What is Hawala?
Hawala is a form of remittance transfer based on trust and personal relationships rather than a formal banking system. The Hawala system has existed for centuries, though it has gained more attention in recent years.
How does the hawala system work?
In the Hawala system, funds are transferred between individuals or businesses without any money actually changing hands. Instead of making a direct transaction, one person pays an intermediary (known as a hawaladar) in their home country who then contacts another hawaladar in the recipient's country.
The second hawaladar delivers the funds to the recipient or transfers them into their bank account after deducting a commission fee from both parties. This makes Hawala an illegally efficient and cost-effective way to send money from country to country as it bypasses traditional international payment channels and currency conversion fees.
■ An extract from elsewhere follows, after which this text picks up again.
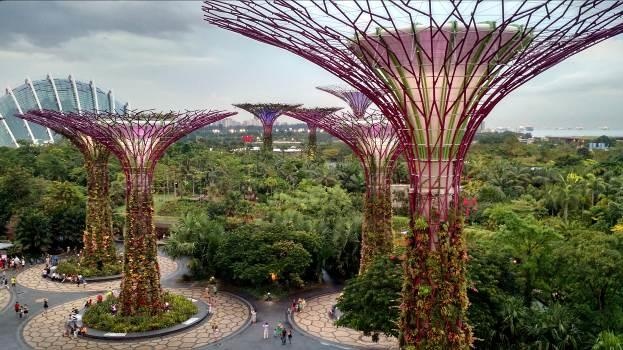 Vietrantour ảnh 1 Vietrantour anh 1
Potential risks associated with Hawala
Hawala operates outside of formal banking systems, there is no official record of transactions and this can be seen as both beneficial and dangerous for those using it. On one hand, it does provide anonymity for those who may have personal or political reasons for wanting secrecy when transferring money but on the other hand it also means that people can evade taxes or launder money more easily than through traditional methods.
Another potential problem with Hawala is that if one hawaladar fails to deliver the promised funds, then there is no legal recourse unless both parties agree to resolve their dispute through some other means such as arbitration.